(Beginning of Dataset excerpts)

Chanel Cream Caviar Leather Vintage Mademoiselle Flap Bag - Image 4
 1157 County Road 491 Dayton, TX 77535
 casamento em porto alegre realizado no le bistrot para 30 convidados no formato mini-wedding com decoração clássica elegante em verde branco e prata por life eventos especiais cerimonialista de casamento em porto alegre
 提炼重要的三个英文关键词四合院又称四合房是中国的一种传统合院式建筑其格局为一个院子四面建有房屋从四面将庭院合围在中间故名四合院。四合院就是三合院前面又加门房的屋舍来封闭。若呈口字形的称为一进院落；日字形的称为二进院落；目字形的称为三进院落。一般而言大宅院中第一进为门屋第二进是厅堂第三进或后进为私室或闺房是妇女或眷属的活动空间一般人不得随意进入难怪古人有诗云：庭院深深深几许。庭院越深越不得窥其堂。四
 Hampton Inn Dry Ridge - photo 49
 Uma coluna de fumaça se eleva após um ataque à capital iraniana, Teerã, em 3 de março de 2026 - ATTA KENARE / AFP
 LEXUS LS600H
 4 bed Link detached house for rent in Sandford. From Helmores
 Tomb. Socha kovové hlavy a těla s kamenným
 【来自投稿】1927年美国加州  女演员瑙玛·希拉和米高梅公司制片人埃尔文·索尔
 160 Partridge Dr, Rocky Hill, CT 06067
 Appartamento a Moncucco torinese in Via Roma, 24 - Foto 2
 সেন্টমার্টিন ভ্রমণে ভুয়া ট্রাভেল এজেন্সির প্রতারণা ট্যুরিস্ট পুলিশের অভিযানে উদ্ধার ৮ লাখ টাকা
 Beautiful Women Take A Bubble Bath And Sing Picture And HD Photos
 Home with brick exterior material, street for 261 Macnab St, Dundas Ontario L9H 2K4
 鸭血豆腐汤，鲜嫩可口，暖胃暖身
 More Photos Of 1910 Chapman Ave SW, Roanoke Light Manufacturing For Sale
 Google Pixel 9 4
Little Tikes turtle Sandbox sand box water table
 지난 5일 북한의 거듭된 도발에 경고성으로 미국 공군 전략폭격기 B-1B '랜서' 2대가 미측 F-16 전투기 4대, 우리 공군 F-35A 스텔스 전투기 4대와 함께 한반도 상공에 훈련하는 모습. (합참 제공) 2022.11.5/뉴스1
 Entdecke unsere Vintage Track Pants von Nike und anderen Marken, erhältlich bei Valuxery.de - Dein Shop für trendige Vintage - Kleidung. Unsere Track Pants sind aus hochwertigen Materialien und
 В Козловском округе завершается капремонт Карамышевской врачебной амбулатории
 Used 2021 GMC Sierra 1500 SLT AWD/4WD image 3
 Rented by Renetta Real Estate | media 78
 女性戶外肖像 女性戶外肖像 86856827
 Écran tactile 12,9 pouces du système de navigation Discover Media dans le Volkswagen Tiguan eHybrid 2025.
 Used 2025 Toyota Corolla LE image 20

(End of Dataset excerpts)

(Required work) Filter the records for lines holding the string "Vintage". Copy each one.

(Output below)
Chanel Cream Caviar Leather Vintage Mademoiselle Flap Bag - Image 4
 Entdecke unsere Vintage Track Pants von Nike und anderen Marken, erhältlich bei Valuxery.de - Dein Shop für trendige Vintage - Kleidung. Unsere Track Pants sind aus hochwertigen Materialien und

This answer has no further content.